Simulating condensation using evaporation-condensation model

I'm modeling a wall-bounded flow with boundary conditions of a velocity inlet and no outflow. I enabled evaporation-condensation model to account for the mass transfer along with the phase change. Since the working fluid is user-defined and I didn't input its latent heat values, I was wondering how is energy transfer considered in the model? (I didn't find a place where I can manully define the energy source term.)

And according to FLUENT theory guide, the evaporation-condensation model is only available with mixture or Eulerian multiphase models, probably because of the smaller-than-grid scale of the interface length.

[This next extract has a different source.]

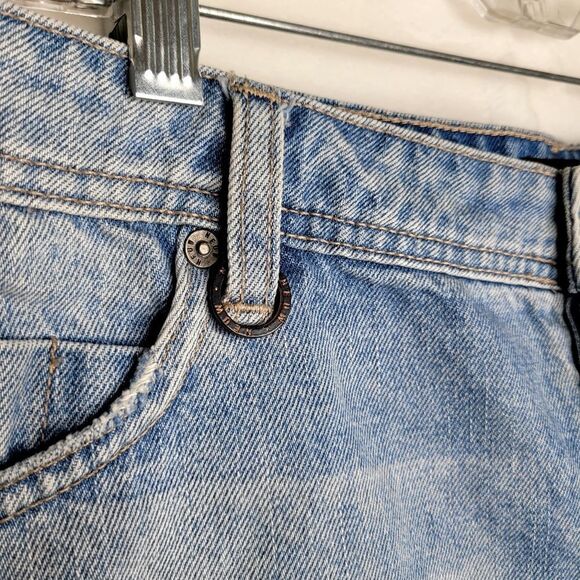 Neuw Blue Jean Shorts Distressed Raw Hem Size 14 - Picture 2 of 8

I actually used VOF model and discovered the condensation. Is my result valid? And what's the specific length scale of the droplets FLUENT used in its model?

Thank you very much!

athonyburk May 17, 2013 06:18

Nobody knows?

I read in other post that the latent heat is given in the enthalpy of reacting phase. But how? In my case, where condensation is of the most interest, should I define a negative value of enthalpy for the vapor phase, or a positive value for the liquid phase?

Still, since condensation is only calculated in FLUENT when temperature is below saturation, how could this model be accurate anyway? Shouldn't it be full of liquid below saturation temperature?

Felja May 17, 2013 15:17

latent heat
Latent heat can only have liquid phase. You can always read from thermodynamic tables as: latent heat = vaporization heat - p (v''-v ')!